Mi domando: se avessi l’opportunità di conoscere il mio futuro prossimo, poniamo fra due o tre anni, vorrei davvero sapere cosa ne sarà di tutti noi? Se, per ipotesi, fosse oscuro e pieno di difficoltà, come potrei vivere il presente?
E se, sempre per ipotesi, avessi la possibilità di modificare il passato, lo farei?
Domande inutili, questo lo so, ma è un gioco che ho sempre fatto fin da bambino. A sette, otto anni il mio orizzonte si accontentava di immaginare come sarei stato a quattordici; alle scuole medie immaginavo quando avrei potuto finalmente scoprire l’universo femminile e come sarebbe stato, visto che l’immaginazione può arrivare fino a un certo punto, ma diventa quasi impossibile pensare come potrebbero essere cose di cui non si è mai avuta esperienza. Poi, durante il liceo, la curiosità era rivolta alla mia vita da giovane uomo. Mi sarei mai sposato? Avrei avuto dei figli? Un lavoro appagante o semplicemente un lavoro? In questo campo non osavo spingermi oltre un impiego come impiegato, otto ore al giorno per cinque giorni la settimana, invece la realtà ha superato le aspettative, con un lavoro instabile, difficoltoso, con anni e anni di gavetta, ma creativo oltre ogni aspettativa. Da adulto, la precognizione si sforzava di misurare la vita in termini di longevità, dato che il duemila mi sembrava così lontano e io, che avrei avuto trentotto anni, così insopportabilmente vecchio. Infinite volte ho rimuginato su quel “Nel mezzo del cammin di nostra vita”, che tanto mi aveva martoriato durante la scuola, e cercavo di trovare un valore numerico a quella ipotetica metà. Trent’anni? Quaranta? Ormai il mezzo del cammin è indubbiamente superato da tempo, quanto non so immaginare. Tutto questo però mi ha insegnato che la vita è indicibilmente più sorprendente rispetto alla più fervida immaginazione, nel bene e, putroppo, anche nel male.

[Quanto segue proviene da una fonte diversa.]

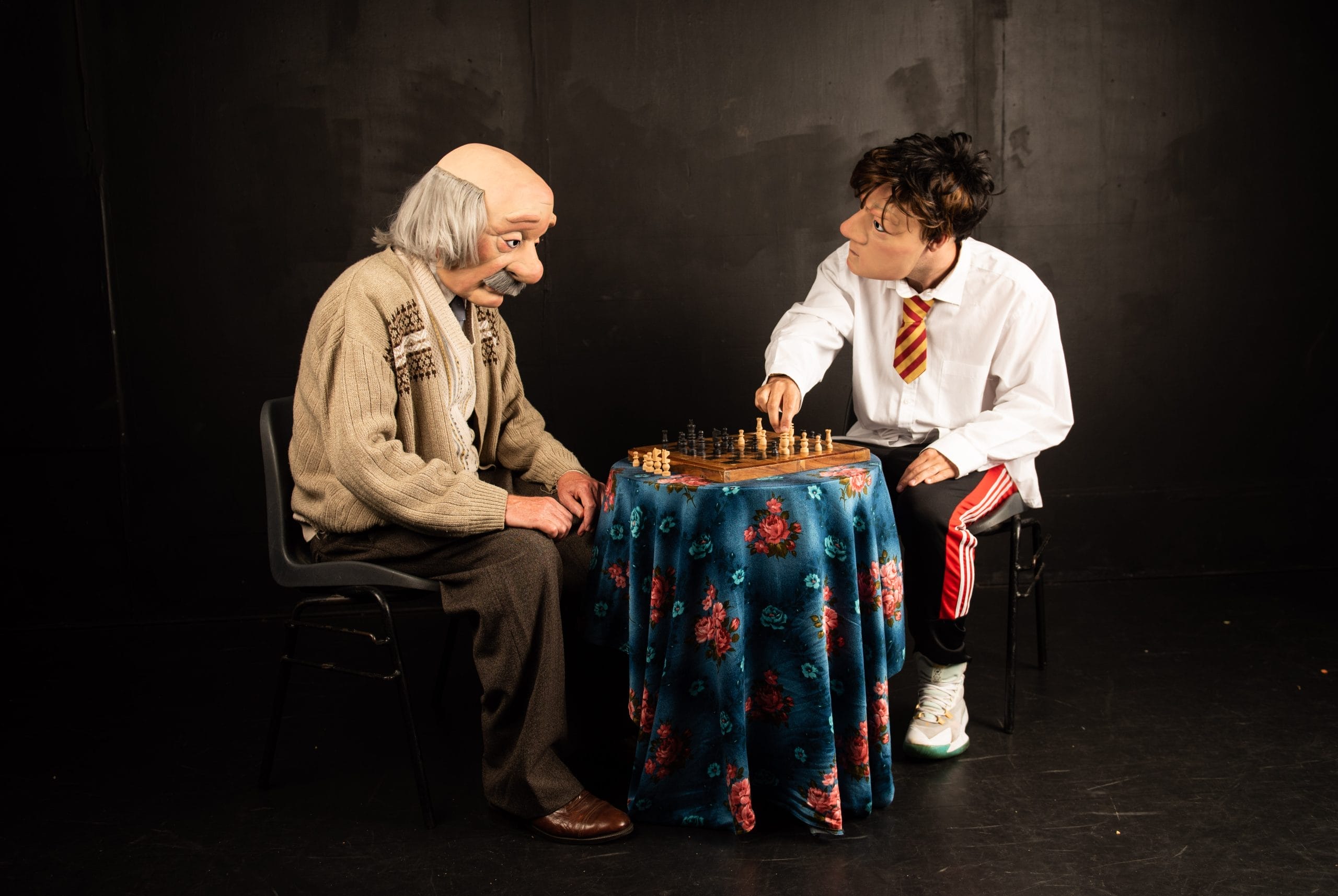 A photo of a boy and an old man wearing masks on a stage playing chess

Ecco perché non sono affatto certo di volerne sapere più di quanto ne so oggi. Il futuro potrebbe riservare ancora innumerevoli gioie, soddisfazioni e imprevedibili successi, ma molto facilmente, altrettante sorprese quanto mai sgradite o drammatiche. Non ho mai amato guardare un film o leggere un libro sapendo già come andrà a finire, perché, il più delle volte, è il mistero stesso a rendere così appassionanti le cose. Che gusto ci sarebbe nel sapere come si concluderà una storia che non ha nessuna possibilità di essere modificata? Karma? Destino? Non credo a nessuno dei due, come trovo ridicole domande del tipo: “Cosa farebbe se sapesse di avere solo dodici ore di vita?”. Probabilmente mi sparerei.